We have them here in Southern California too. They kill about 1000 different birds per year according to the same EPA people who lobbied for them and then sued because they were killing so many birds.

Methais
05-16-2013, 02:36 PM
Since they're wasting so much money on windmills anyway, why not add a gigantic screen to go around them so birds won't get pureed?

Like these, but bigger:
http://lunachan.net/fan/src/133916697241.jpg

Jarvan
05-16-2013, 02:52 PM
Since they're wasting so much money on windmills anyway, why not add a gigantic screen to go around them so birds won't get pureed?

Like these, but bigger:
http://lunachan.net/fan/src/133916697241.jpg

If I were to guess, it's because the blades have to be able to pitch to fully utilize the wind. They would have to be Immense cages, and increase the cost by a ton, not to mention weigh so much they would have to reinforce the bases. It may not even be logistically possible, and if it was, people would bitch cause it would look horrible.

NinjasLeadTheWay
05-16-2013, 02:59 PM
If I were to guess, it's because the blades have to be able to pitch to fully utilize the wind. They would have to be Immense cages, and increase the cost by a ton, not to mention weigh so much they would have to reinforce the bases. It may not even be logistically possible, and if it was, people would bitch cause it would look horrible.

That's the best fuckin idea ever! And they could paint them to match the sky so they wouldn't stand out...oh wait no...then we'd be back to where we started.

Ashlander
05-16-2013, 05:32 PM
If I were to guess, it's because the blades have to be able to pitch to fully utilize the wind. They would have to be Immense cages, and increase the cost by a ton, not to mention weigh so much they would have to reinforce the bases. It may not even be logistically possible, and if it was, people would bitch cause it would look horrible.
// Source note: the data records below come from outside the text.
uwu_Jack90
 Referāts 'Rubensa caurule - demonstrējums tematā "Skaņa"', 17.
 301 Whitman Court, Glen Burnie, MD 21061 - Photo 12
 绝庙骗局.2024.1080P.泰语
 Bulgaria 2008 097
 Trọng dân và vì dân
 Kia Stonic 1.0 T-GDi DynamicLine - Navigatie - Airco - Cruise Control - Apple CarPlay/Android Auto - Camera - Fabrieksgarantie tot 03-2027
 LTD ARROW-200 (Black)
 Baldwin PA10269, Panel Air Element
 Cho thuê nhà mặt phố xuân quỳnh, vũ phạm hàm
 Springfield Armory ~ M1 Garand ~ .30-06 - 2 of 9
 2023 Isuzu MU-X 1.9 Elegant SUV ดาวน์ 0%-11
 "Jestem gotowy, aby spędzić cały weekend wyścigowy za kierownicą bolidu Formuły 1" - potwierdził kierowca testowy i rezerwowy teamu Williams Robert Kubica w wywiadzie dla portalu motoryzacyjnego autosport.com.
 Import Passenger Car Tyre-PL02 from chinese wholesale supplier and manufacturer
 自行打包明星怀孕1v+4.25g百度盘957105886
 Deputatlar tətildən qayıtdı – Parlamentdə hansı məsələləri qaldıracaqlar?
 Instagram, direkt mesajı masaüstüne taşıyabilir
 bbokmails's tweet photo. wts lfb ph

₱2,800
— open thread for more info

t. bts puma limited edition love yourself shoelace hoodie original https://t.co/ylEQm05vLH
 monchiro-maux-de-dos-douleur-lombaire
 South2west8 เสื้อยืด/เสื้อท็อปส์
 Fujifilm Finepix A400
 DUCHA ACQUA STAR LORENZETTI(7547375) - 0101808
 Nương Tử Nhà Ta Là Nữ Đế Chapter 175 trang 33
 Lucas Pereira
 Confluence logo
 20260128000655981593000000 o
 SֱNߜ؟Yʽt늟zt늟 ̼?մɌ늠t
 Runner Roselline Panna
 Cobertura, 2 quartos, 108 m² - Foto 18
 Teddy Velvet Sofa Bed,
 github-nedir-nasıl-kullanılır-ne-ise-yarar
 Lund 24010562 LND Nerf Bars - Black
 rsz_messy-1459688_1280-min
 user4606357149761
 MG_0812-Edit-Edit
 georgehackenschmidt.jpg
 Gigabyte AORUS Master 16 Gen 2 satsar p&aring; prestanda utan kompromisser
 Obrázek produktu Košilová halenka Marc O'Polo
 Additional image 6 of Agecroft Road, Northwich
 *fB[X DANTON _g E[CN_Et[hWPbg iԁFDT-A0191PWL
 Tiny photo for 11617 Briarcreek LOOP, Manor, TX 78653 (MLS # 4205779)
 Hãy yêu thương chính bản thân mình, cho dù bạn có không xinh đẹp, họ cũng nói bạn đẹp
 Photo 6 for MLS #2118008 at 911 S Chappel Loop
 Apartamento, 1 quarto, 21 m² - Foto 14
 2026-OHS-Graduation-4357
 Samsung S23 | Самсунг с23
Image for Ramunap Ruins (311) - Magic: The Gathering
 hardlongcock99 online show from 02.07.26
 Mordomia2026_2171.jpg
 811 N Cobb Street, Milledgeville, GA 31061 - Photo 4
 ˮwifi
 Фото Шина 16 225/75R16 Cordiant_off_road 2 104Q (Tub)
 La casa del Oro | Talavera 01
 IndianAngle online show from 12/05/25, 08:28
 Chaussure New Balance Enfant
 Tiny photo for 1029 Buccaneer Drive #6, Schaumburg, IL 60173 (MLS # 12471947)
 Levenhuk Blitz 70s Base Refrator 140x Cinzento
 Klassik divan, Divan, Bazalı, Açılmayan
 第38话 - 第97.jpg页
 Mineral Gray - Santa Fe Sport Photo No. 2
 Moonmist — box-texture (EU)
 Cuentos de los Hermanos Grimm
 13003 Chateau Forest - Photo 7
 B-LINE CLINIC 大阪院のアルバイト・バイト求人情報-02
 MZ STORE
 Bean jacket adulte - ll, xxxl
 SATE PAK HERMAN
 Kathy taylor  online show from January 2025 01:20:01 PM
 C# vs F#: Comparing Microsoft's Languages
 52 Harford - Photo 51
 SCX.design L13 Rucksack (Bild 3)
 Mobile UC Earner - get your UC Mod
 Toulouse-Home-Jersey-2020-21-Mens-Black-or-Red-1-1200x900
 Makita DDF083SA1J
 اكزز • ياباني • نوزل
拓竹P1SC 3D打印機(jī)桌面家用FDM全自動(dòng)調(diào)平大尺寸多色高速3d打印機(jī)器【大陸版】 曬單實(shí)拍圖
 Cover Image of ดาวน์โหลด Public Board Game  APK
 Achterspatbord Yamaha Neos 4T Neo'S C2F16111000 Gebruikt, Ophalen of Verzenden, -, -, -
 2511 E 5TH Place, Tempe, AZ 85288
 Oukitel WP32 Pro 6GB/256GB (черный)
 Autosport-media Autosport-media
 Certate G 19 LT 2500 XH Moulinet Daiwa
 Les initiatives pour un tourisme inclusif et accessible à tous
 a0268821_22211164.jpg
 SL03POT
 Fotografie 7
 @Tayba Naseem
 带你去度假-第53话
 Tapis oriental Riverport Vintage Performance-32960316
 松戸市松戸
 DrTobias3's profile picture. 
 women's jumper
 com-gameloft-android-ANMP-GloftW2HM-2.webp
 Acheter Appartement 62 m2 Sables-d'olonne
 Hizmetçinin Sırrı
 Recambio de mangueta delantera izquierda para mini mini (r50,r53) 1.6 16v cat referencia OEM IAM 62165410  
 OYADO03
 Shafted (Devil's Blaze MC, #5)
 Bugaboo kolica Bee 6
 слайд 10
But think of how bad ass you'd sound when you went and talked into one.

Jarvan
05-16-2013, 05:45 PM
But think of how bad ass you'd sound when you went and talked into one.

They turn so slowly it wouldn't do anything, I hope you realized this.

Ashlander
05-16-2013, 06:08 PM
They turn so slowly it wouldn't do anything, I hope you realized this.

So you're telling me they don't build these to help cool the planet off?

subzero
05-16-2013, 06:13 PM
They turn so slowly it wouldn't do anything, I hope you realized this.

...

Tgo01
05-16-2013, 06:15 PM
The cheaper solution is to just put up a few signs reading "Danger! Fly at least 300 feet above ground for next 2 miles."

ClydeR
11-26-2013, 03:02 PM
In the first case of its kind, a large energy company has pleaded guilty to killing birds at its large wind turbine farms in Wyoming and has agreed to pay $1 million as punishment.

More... (http://www.latimes.com/nation/nationnow/la-na-nn-wind-energy-eagle-death-20131123,0,2938734.story)

The law they violated was the Migratory Bird Treaty Act of 1918. And before somebody says there weren't any windmills in 1918, I have just two words.. Don Quixote.